Evet, gerçekten de uluslararası ilişkilerin ve güç mücadelelerinin kritik safhalarında, kırılma noktalarında ya da meydana gelen mücbir sebepler dolayısıyla dünya dengelerinin ve nizamının yeni aktörler tarafından değiştirilmek istenmesi gayet açık bir gerçek. Öte yandan bilgiyi, sermayeyi, politik ve askeri gücü ya da finansal gücü ellerinde tutan elitlerin dünya düzeni üzerinde sürekli bir ayar verme, yeniden düzenleme, güncelleme gayretleri de eşyanın tabiatına ve insanın eğilimlerine uygun gerçekler. Dolayısıyla daima bir Yeni Dünya Nizamı ve daima Dünyayı Yöneten Elitler söz konusu olacak; bu kaçınılmaz.

Komplo teorisyenleri perdesi

Asıl sorun bu dümdüz aşikâr ve mutat hakikatin bizzat komplo teorisyenleri tarafından eğilip bükülerek, belge ve delillerden mahrum şekilde savunularak, çoğu zaman abartılarak, çeşitlemelerle ve yeni uyarlamalarla zenginleştirilerek ve tutarsız fantastik senaryolara dönüştürülerek inanılmaz hatta gülünç hale getirilmeleri ve bir hakikatin şirazesinden çıkarılarak komplo teorilerine dönüştürülmesi.

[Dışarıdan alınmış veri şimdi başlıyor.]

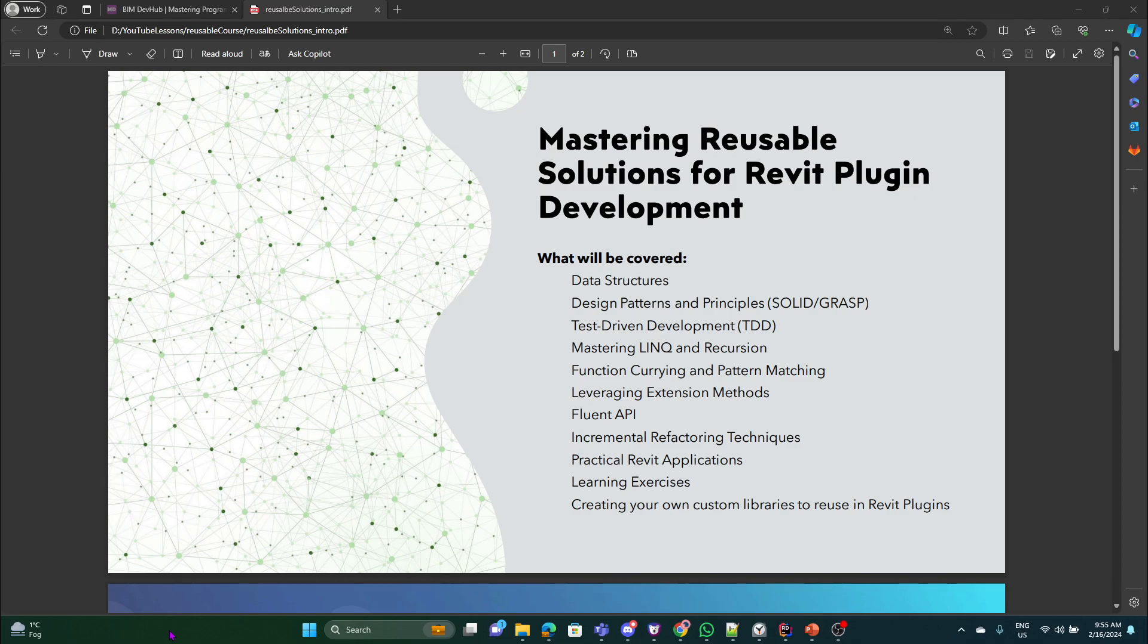Because imagine writing a plugin, and usually each plugin that you write, you can take something out of this and make it reusable for your next plugins. That's if you are earning money for being a software developer in BIM domain.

Bir başka deyişle sürekli vaveylalarla sözde insanlığı, kendini bekleyen büyük tuzaklara ve komplolara karşı uyaran komplo teorisyenlerinin başlıca fonksiyonlarının fiiliyatta gerçekleri abartarak inanılmaz, itibar edilmez hale getirmek olduğu söylenebilir. Bu durumda bir komplocu olsaydım yapacağım ilk iş herhalde beni ölçüsüzce abartarak ifşa edecek bir komplo teorisyeni istihdam etmek olurdu.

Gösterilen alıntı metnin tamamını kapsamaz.